BEGIN
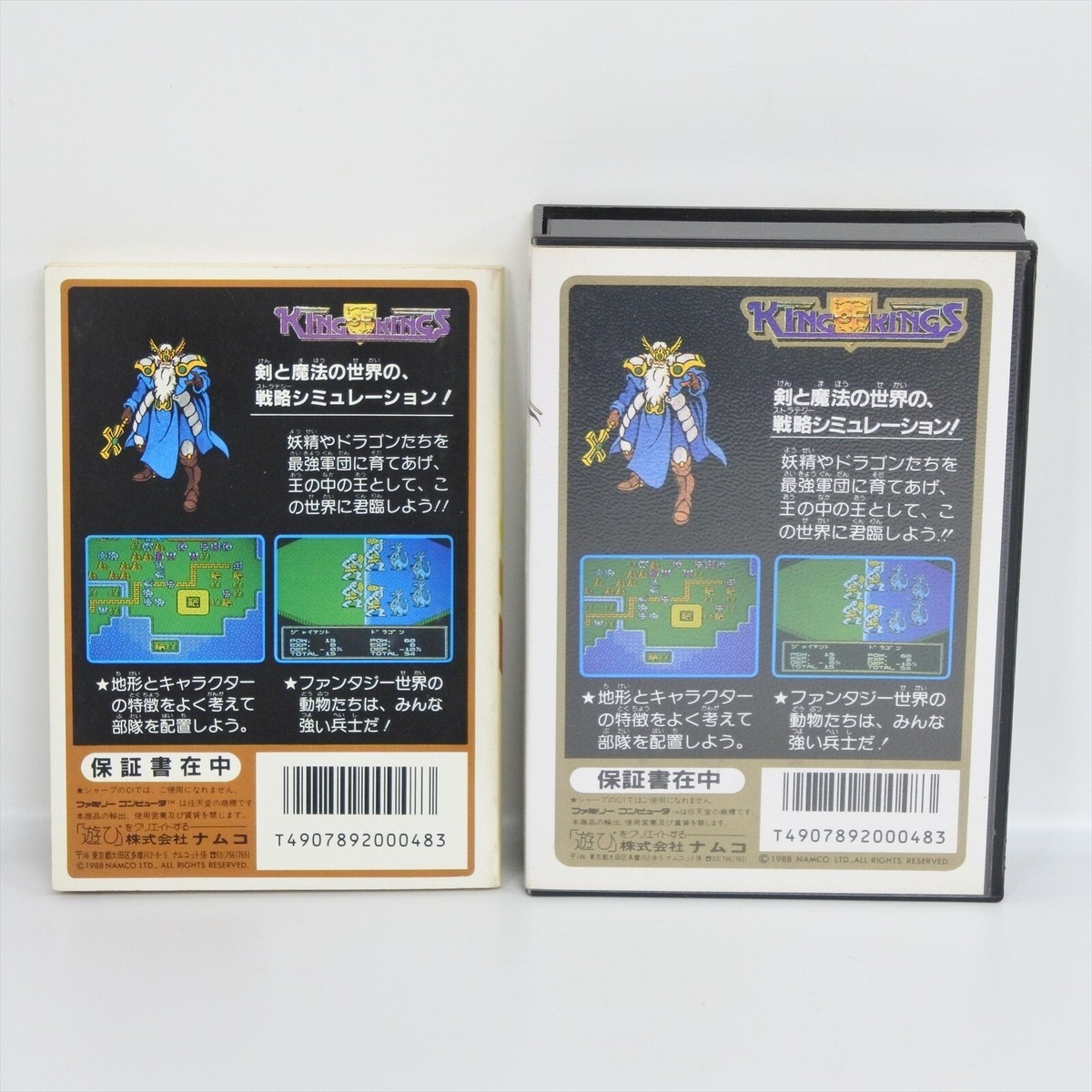 KING OF KINGS Namcot Famicom Nintendo 3725 fc | eBay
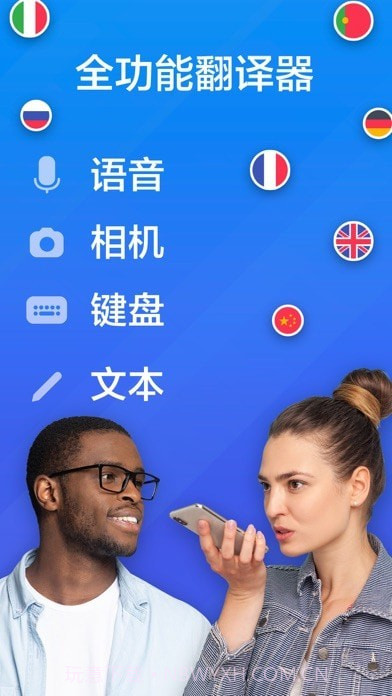OkTalk翻译截图1 OkTalk翻译截图1
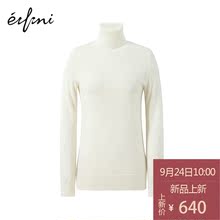 预售100%羊毛伊芙丽2018冬装新款纯色长袖高领打底衫针织衫毛衣女图片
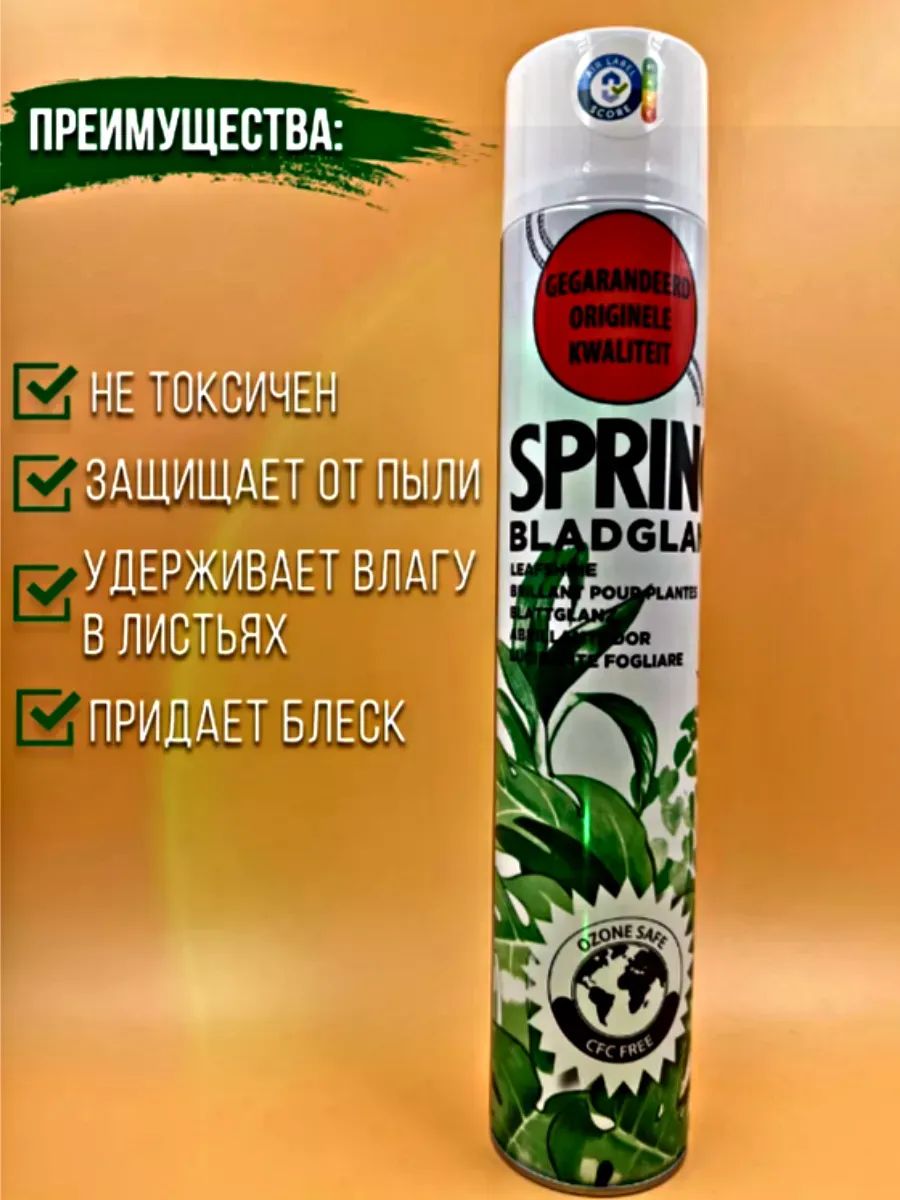 Блеск для листьев Spring 750 мл Нидерланды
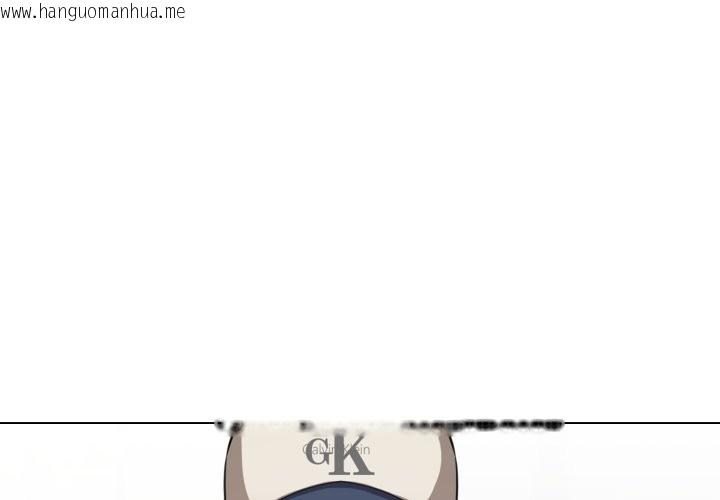 韩国漫画配角的生存任务韩漫_配角的生存任务-第54话在线免费阅读-韩国漫画-第2张图片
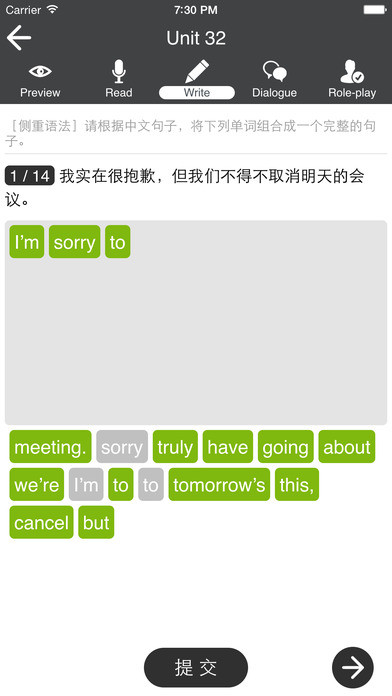 职场英语口语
END
Give back exactly the lines from the line with "Блеск для листьев Spring 750 мл Нидерланды" through the end of the material above, and omit every picture.

 Блеск для листьев Spring 750 мл Нидерланды
 韩国漫画配角的生存任务韩漫_配角的生存任务-第54话在线免费阅读-韩国漫画-第2张图片
 职场英语口语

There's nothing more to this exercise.